In parallel, transfected HEK293 cells were stained with the anti-FLAG antibody for RNF133, and with the anti-HA antibody for UBE2J1. We confirmed the co-localization of both human and mouse RNF133 and UBE2J1 in the ER in vitro (Fig. 6B). These data strongly support the interaction of RNF133 and UBE2J1 during spermiogenesis in mice and humans.
Electron microscopic analysis of Rnf133 KO sperm resembles the Ube2J1 KO phenotype
Since we discovered abnormal sperm morphology with bent neck/flagella in Rnf133 KO mice and confirmed RNF133 interaction with UBE2J1 in vitro, we performed transmission electron microscope (TEM) analysis of epididymal tissue to assess the morphology of KO sperm at the ultrastructural level.
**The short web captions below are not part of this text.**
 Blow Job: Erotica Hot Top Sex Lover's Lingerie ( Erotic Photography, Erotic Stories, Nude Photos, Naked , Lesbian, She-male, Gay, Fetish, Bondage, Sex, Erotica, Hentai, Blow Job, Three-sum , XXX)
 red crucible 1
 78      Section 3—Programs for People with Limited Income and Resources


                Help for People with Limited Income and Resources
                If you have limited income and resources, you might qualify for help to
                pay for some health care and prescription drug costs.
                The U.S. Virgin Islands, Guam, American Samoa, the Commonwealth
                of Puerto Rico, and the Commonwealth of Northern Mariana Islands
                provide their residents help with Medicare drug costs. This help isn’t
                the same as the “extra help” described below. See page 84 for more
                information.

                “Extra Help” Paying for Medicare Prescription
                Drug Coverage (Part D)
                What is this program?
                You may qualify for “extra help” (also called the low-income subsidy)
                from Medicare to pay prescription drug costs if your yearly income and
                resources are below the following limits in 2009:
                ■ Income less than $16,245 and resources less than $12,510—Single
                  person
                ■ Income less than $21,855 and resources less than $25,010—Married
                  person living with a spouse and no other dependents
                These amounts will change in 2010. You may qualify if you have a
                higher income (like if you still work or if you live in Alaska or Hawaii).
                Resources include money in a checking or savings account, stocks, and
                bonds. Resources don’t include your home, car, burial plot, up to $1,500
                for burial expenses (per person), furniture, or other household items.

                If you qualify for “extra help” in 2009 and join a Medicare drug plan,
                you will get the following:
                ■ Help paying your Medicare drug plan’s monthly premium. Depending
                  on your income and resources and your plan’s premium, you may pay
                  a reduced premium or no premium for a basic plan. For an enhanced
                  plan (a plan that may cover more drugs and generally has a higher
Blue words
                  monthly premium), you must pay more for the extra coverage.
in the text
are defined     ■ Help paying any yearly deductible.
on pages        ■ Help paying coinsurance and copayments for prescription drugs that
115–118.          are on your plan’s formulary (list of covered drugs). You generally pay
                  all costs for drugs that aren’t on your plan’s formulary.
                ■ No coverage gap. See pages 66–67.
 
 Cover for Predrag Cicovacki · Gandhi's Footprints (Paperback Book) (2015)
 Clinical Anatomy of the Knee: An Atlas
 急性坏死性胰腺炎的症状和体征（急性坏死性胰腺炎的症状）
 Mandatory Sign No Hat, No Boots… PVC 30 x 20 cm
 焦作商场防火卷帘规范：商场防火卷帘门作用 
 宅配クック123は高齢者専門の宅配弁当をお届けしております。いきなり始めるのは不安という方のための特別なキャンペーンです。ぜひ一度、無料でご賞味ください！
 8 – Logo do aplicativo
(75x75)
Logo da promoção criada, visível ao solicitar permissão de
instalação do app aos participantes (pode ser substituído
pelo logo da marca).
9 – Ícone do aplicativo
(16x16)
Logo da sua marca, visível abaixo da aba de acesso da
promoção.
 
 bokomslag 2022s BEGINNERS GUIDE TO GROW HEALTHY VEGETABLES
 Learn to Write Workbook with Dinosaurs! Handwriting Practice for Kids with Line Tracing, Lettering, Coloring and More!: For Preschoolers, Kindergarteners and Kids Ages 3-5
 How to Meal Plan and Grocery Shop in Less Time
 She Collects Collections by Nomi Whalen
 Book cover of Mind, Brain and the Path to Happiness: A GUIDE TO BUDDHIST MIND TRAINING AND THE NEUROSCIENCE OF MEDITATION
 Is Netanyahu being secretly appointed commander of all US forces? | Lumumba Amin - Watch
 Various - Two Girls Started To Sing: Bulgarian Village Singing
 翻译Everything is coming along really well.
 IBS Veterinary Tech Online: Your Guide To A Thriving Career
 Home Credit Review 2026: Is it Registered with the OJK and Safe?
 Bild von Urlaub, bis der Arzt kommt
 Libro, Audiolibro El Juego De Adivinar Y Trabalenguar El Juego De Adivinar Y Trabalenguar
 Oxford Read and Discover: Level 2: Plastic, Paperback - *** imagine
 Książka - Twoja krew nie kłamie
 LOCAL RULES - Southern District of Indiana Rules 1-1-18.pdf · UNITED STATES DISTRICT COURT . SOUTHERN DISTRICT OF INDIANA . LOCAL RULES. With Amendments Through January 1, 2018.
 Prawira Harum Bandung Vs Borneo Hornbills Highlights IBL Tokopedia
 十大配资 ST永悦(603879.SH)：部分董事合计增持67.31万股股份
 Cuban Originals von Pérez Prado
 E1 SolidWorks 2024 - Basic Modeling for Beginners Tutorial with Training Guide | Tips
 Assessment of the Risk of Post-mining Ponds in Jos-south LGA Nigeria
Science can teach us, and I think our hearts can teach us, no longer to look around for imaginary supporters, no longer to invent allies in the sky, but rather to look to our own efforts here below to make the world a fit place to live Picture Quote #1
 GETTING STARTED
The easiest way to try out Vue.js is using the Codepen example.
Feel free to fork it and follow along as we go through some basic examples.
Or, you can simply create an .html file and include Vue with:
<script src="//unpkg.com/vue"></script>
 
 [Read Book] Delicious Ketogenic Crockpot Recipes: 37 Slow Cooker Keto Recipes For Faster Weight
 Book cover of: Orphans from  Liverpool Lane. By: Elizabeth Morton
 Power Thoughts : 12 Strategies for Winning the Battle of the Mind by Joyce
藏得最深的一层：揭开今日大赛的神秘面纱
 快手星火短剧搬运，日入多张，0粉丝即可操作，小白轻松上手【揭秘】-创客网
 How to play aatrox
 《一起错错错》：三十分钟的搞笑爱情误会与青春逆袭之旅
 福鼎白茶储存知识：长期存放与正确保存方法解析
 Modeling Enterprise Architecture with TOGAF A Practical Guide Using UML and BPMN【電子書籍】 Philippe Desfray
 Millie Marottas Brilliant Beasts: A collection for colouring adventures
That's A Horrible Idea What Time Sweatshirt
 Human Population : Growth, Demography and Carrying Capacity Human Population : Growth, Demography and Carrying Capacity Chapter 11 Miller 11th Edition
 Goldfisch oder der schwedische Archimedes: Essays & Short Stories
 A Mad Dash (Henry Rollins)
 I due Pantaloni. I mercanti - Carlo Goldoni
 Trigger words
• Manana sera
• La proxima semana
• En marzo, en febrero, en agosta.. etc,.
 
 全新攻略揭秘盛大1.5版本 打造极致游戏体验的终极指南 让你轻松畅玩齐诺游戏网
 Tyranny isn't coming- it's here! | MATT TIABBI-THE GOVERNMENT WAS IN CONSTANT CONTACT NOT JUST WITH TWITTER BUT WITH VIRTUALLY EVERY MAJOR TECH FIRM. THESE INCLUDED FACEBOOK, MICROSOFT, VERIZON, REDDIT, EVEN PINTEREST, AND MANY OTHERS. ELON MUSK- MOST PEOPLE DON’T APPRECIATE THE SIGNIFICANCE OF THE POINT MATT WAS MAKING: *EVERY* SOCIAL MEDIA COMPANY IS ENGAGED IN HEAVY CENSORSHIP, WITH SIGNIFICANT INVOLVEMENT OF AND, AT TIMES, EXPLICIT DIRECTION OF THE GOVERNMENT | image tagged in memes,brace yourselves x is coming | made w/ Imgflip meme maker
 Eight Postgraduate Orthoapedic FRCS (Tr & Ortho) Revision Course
Observation of caudal epididymis from Rnf133 KO mice revealed that although Rnf133 KO sperm had morphologically normal nuclei, the cytoplasm around the nuclei and neck was retained and contained organelles such as the endoplasmic reticulum and vacuoles (Fig. 7) Similar abnormalities were shown previously in Ube2j1 KO sperm [9]. These observations robustly suggest that RNF133 and UBE2J1 function together in a ubiquitination pathway to degrade and discard unnecessary proteins from the ER.